Stored data -
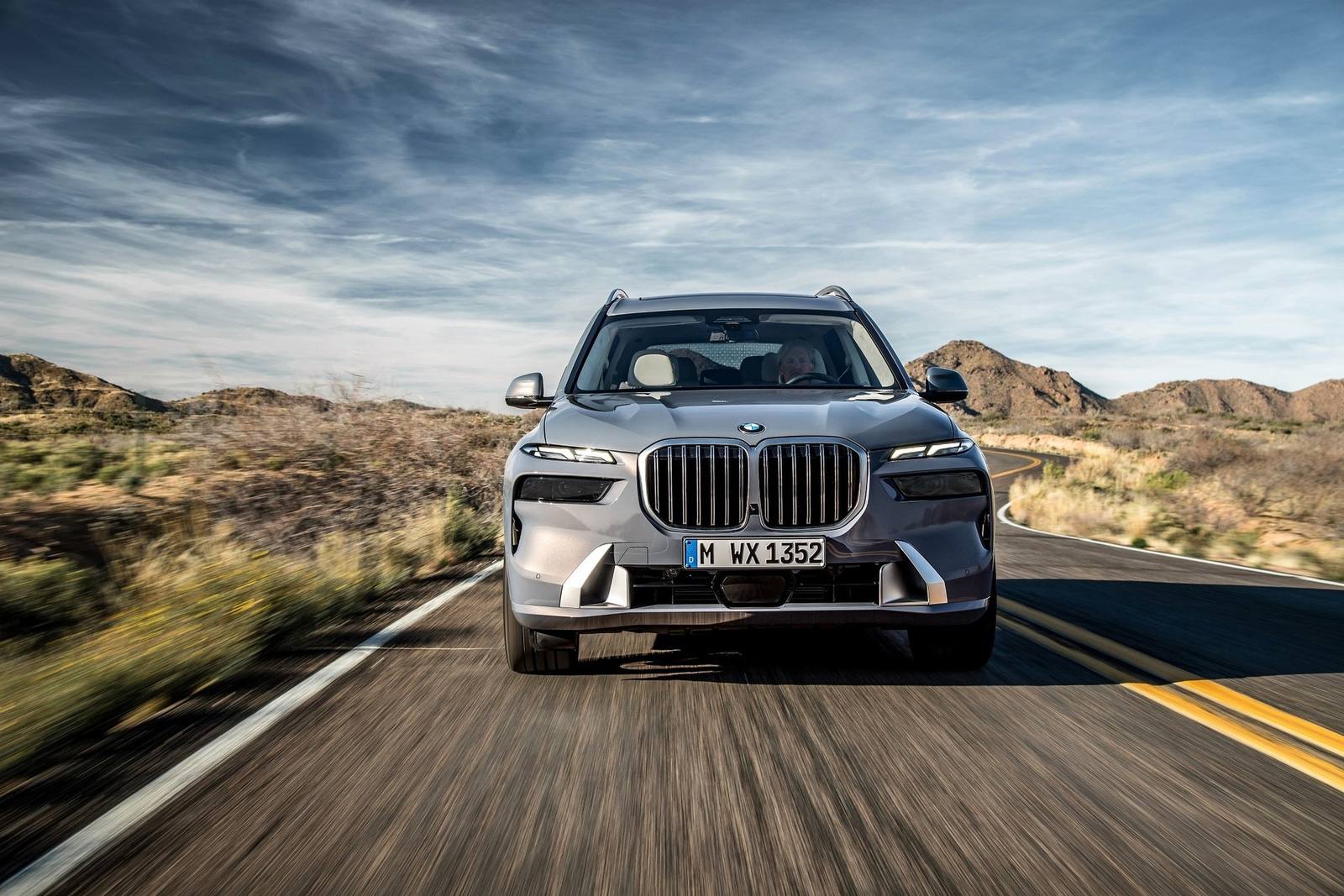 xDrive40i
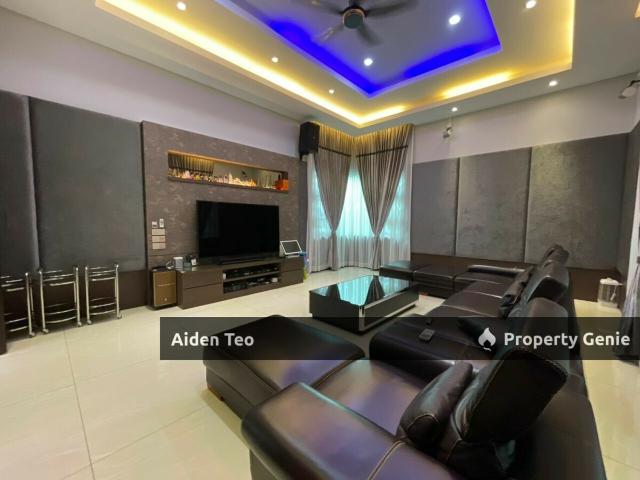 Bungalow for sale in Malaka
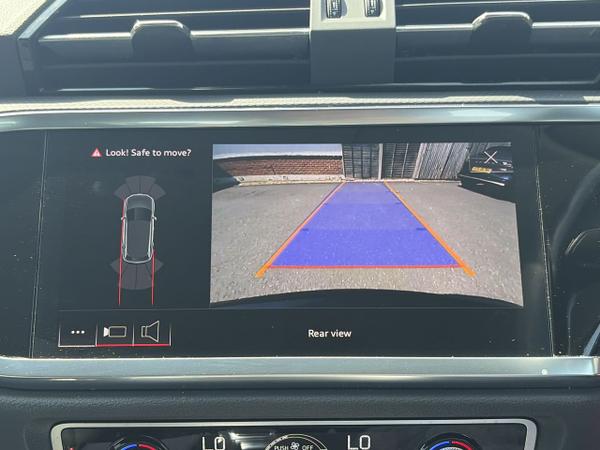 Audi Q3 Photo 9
* * *
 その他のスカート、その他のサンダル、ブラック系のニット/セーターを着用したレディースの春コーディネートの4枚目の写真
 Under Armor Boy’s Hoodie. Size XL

Aim of the exercise - In the material above, find the line containing "その他のスカート、その他のサ" and the line containing "Under Armor Boy’s Hoodie. Size XL", then write out exactly those two lines and every line between them, and nothing more.

Reply to the exercise -
 その他のスカート、その他のサンダル、ブラック系のニット/セーターを着用したレディースの春コーディネートの4枚目の写真
 Under Armor Boy’s Hoodie. Size XL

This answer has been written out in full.